Local history, Local stories
Sutherland Shire Libraries
Thursday, May 26, 2016
Cocky Bennett was no ‘pretty Polly,’ yet when he died on 26 May 1916 in his 120th year, newspaper obituaries across NSW lamented the passing of this ‘venerable’ old sulphur-crested cockatoo. The Sun newspaper wrote:
Goodbye Cocky. Some people may be sceptics, but (I prefer) to believe that Cocky Bennett watched the sailors row ashore when Captain Cook landed. It is good to think that in a time of flux and change there is one old identity whose head is soundly screwed on, and does not grow excited over the trifles which agitate us from day to day. Cocky would not feel regretful at having died before the world had settled with the Kaiser… I like the superstition that sitting somewhere on a high tree Cocky watched Napoleon’s rise and fall; saw the dynasty make a feeble splutter in 1870, and then disappear for ever from the politics of the world. Snug on his perch he saw us progress through droughts and booms and strikes and plagues and land scandals; and after each roaring excitement he saw how the community settled down to its same old business of eating and sleeping and lovemaking.
As ship companion to Captain George Ellis, Cocky Bennett spent almost 80 years sailing the high seas and it is said that he voyaged around the world seven times. When in Sydney, Captain Ellis and Cocky would visit Bowden’s Hotel in the city and it was there that the two became acquainted with Sarah Bennett (then Bowden), proprietress of the hotel. Captain Ellis told Sarah that he had sailed with Cocky since he first went to sea as a boy of 9 and the bird had travelled with him ever since. Whilst at sea Cocky learnt tricks - like pretending to haul in on an imaginary rope as he edged backwards along his perch - and being an innate chatterbox, Cocky developed a vocabulary worthy of an old sailor.
When Captain Ellis (aged 87) died in the Solomon Islands in 1887, Cocky was left to Sarah Bennett. Sarah became publican of the Sea Breeze Hotel at Tom Ugly’s Point and it was here that Cocky set up residence with his new adoptive family in the 1890s.
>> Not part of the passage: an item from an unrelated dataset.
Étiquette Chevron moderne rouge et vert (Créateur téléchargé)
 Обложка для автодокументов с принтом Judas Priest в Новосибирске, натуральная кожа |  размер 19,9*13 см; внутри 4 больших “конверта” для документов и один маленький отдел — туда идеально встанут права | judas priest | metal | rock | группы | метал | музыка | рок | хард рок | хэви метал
At Tom Ugly’s Point Cocky Bennett became famous for entertaining pub-goers with his continual dancing and colourful ‘patter.’ He would flap his featherless black wings and squawk “I’ll fly, I’ll fly, my God, I’ll fly.’ Sarah Bennett, attached a collection box to Cocky’s cage and his chatter was an invitation for visitors to donate to St. George Hospital. Enough funds were eventually raised to supply the hospital with three beds, each bearing a plaque inscribed with the words ‘Cocky Bennett Cot.’
26 May 2016 marks the hundred year anniversary of the death of Cocky Bennett.